Die beiden Frauen kümmern sich neben ihrer Arbeit ehrenamtlich um das Aufstellen und das Auffüllen der Box. Sie opfern ihre Freizeit. „30 Minuten brauchen wir, um die Lebensmittel für das Foodsharing abzuholen. Genauso lange dauert es auch, wenn ich einkaufen würde“, sagt Karina Psoch, die sich wie alle anderen in ihrer Freizeit für das Foodsharing engagiert. Und es schont den Geldbeutel.

Viel Resonanz

Karina Psoch selbst ist durch eine Freundin aus Berlin auf die Bewegung aufmerksam geworden. „Ich hätte nicht gedacht, dass es in einer Kleinstadt wie Werne funktioniert. Aber die Resonanz ist bislang groß“, sagt sie. Ihr Sohn Fabian hat eine Gruppe im sozialen Netzwerk Facebook eröffnet. Sie zählt schon 219 Mitglieder.

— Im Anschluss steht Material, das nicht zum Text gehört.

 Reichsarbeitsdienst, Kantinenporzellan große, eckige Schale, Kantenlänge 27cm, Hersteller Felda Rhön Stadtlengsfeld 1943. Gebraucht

Und Pavarotti erntet neugierige Blicke am zweiten Tag, an dem er an seiner Position in Stockum steht. „Was hat das eigentlich auf sich?“, fragt eine Nachbarin. Nachdem Karina Psoch erklärt, was dahinter steckt, greift die Frau beherzt in die Kiste: „Ich kann noch Baguette gebrauchen.“ Danach kommt eine Mutter mit ihrer Tochter vorbei. „Wir können ein bisschen Rhabarber mitnehmen.“ Eine Süßigkeit wandert auch in die Hände des Kindes. Weil die Kiste frei zugänglich ist, dürfen keine Arzneimittel, Energy Drinks sowie Alkohol reingelegt werden.

„Wir sind keine Konkurrenz zur Tafel. Es darf sich jeder bedienen“, erklärt Karina Psoch, die mit ihren Mitstreitern ihren Teil an dem großen Wegschmeißen leisten möchte.

Großes Wegschmeißen in Deutschland

In Deutschland werden jährlich 18 Millionen Lebensmittel weggeworfen. Das bedeutet, ein Drittel aller Lebensmittel werden verschwendet. Und dabei wird laut der Umweltorganisation WWF nicht nur das Lebensmittel an sich weggeworfen, sondern auch die Ressourcen die zum Beispiel in Anbau, Ernte, Verpackung, Transport und Lagerung geflossen sind. Laut WWF wurden in Nordrhein-Westfalen in den vergangenen Jahren viele Maßnahmen umgesetzt, die das Land zu einem „Pinonier bei der Vermeidung von Lebensmittelabfällen“ macht. Mit dem Projekt Foodsharing, das es seit Dezember 2012 in Deutschland gibt, wurden bereits 15.000 Tonnen Lebensmittel gerettet. Das Prinzip mit Fairteiler-Stationen wurde laut Foodsharing schon weltweit kopiert - etwa in Japan, Saudi-Arabien und Indien.